Dans cette optique, le meurtre de Kazuya Ito a naturellement servi d’arguments au gouvernement nippon. Ainsi, Nobutaka Machimura, le Secrétaire du Chef de Cabinet et numéro 2 du gouvernement, lors de la conférence de presse annonçant la mort de l’humanitaire, estimait « que maintenant plus que jamais, le public japonais a senti l’importance de l’obligation d’être activement engagé dans la lutte contre le terrorisme à cause du sacrifice de précieuses vies ». Défendant la position japonaise depuis 2003.

Si l’instrumentalisation de la mort d’un travailleur humanitaire, comme de celles de 10 soldats, dans un débat portant sur un engagement militaire peut paraître malsaine, elle en est pour autant inévitable. D’autant plus inévitable qu’elle est ici symbolique de la nature du combat mené.

Kazuya Ito n’était le bras armé d’aucune puissance occupante, il était un humanitaire qui avait découvert la souffrance du peuple afghan et qui s’était depuis voué à l’aider.

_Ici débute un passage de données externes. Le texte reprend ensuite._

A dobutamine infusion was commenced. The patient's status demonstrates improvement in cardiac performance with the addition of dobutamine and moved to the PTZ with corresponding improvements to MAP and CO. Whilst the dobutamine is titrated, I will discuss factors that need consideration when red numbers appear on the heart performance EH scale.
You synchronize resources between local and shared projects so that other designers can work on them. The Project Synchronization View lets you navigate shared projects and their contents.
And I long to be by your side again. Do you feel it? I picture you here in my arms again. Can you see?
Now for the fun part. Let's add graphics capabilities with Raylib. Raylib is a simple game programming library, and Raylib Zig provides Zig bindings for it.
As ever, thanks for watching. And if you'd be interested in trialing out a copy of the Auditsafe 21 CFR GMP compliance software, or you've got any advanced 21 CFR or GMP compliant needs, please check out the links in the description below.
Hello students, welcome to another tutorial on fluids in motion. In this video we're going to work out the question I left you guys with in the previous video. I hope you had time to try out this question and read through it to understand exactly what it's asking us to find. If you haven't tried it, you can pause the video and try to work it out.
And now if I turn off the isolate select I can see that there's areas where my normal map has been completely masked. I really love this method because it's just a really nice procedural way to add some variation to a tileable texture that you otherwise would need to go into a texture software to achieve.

L’association pour laquelle il oeuvrait n’était l’instrument d’aucune politique gouvernementale, ni japonaise, ni américaine. Au contraire, ses fondateurs sont des proches du docteur Tetsu Nakamura qui depuis 1984 soigne les réfugiés aux confins du Pakistan et de l’Afghanistan et qui est connu pour s’être opposé à l’intervention américaine en 2001.

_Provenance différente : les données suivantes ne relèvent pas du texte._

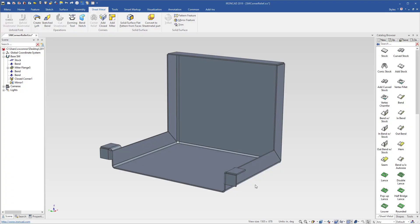IronCAD 2019 has improved sheet metal corner reliefs by adding a specific feature. In previous versions, you can drag and drop circles onto vertex points near your corners to apply corner reliefs.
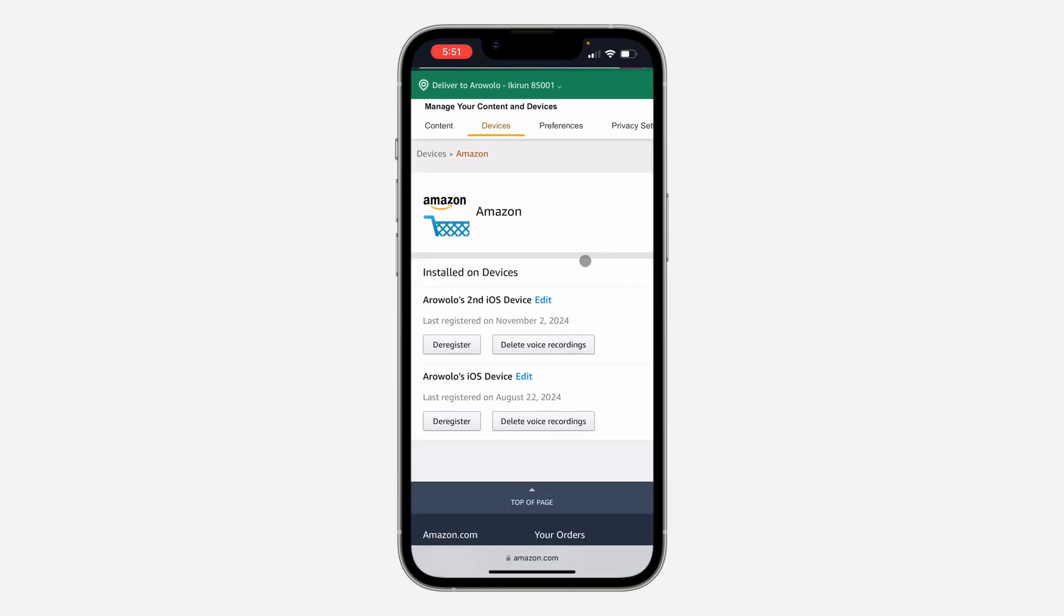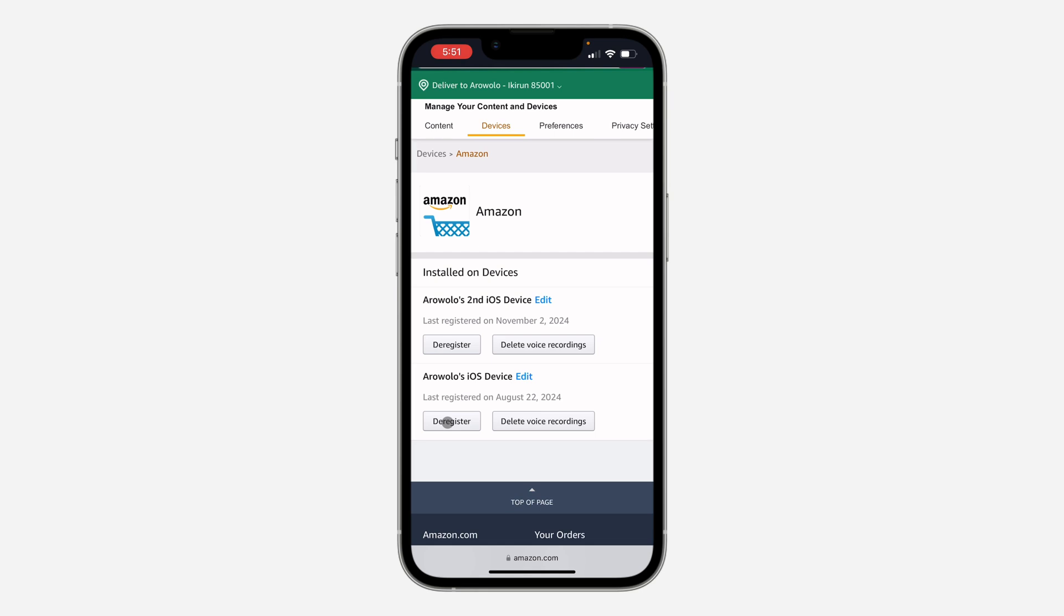If you want to remove any of them so the device won't have access to your account again, you can click on Deregister. Once you click on Deregister, it's going to remove your account from that device.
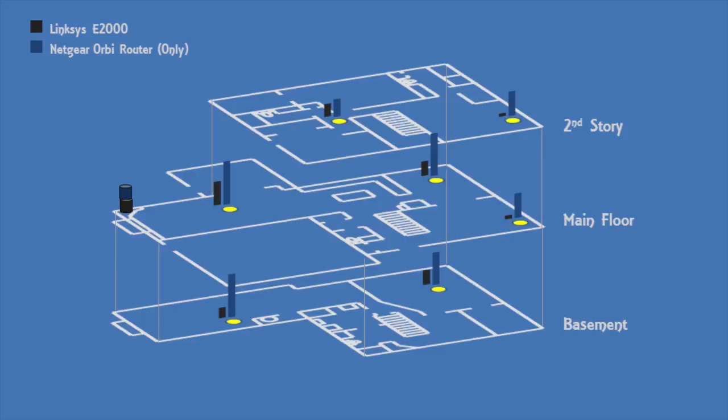Using the Orbi router by itself without the satellite provides improved performance across the entire house. This alone may be sufficient for most households.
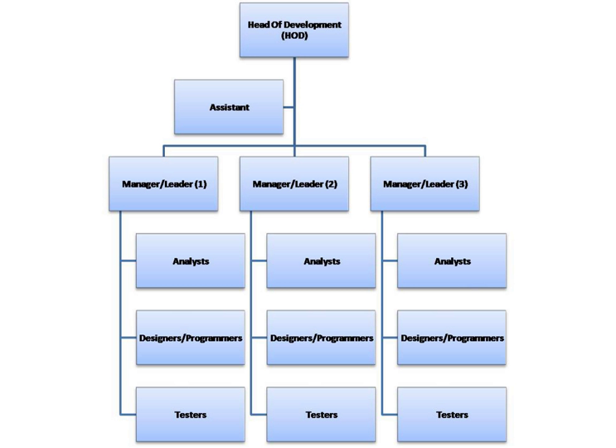Regardless of the methodology used, the product life cycle always consists of at least three stages: Design, including both the business and technical specification. Coding, the development itself. Testing, the quality management. Each stage ideally takes 30% of the total time, with the remaining 10% in reserve.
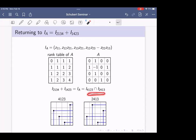ASMs generalize Schubert determinantal ideals: when there are no negative ones, an ASM is just a permutation matrix. ASM ideals arise naturally as whatever northwest rank conditions we want. Our example ASM ideal decomposes as the intersection of two other Schubert determinantal ideals, both of codimension 3 — since the number of boxes in the Rothe diagram gives the codimension. So the ideal I_A is height unmixed of codimension 3, with two associated primes, both codimension 3.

Comme l’écrivait le Yomiuri Shinbun dans son éditorial du 29 août, Kazuya Ito n’était porteur d’aucune idéologie de conquête, « travaillant dur, s’intégrant à la communauté locale, ayant construit de fortes relations de confiance avec la population ». Mais comme pour les 25 autres travailleurs humanitaires tués depuis le début de l’année, ces valeurs représentaient une menace pour les Talibans. Le développement de l’Afghanistan n’ayant jamais fait parti de leur projet politique.

Alors que faire ?

Au Japon dans le parti au pouvoir, comme aux Etats-Unis chez les Républicains ou en France dans la bouche de nombreux députés de l’UMP, le maître mot est depuis 2001 : « Guerre contre le Terrorisme ». Idéologie qui est le degré zéro de la géopolitique, confondant la méthode et l’objectif, pratiquant l’amalgame et l’approximation. Idéologie d’autant plus dangereuse qu’elle se rend incapable d’identifier clairement l’ennemi qu’elle disperse les moyens et rend toute stratégie efficace impossible. Il est donc inquiétant de voir cette expression resurgir sous la plume du ministre de la Défense.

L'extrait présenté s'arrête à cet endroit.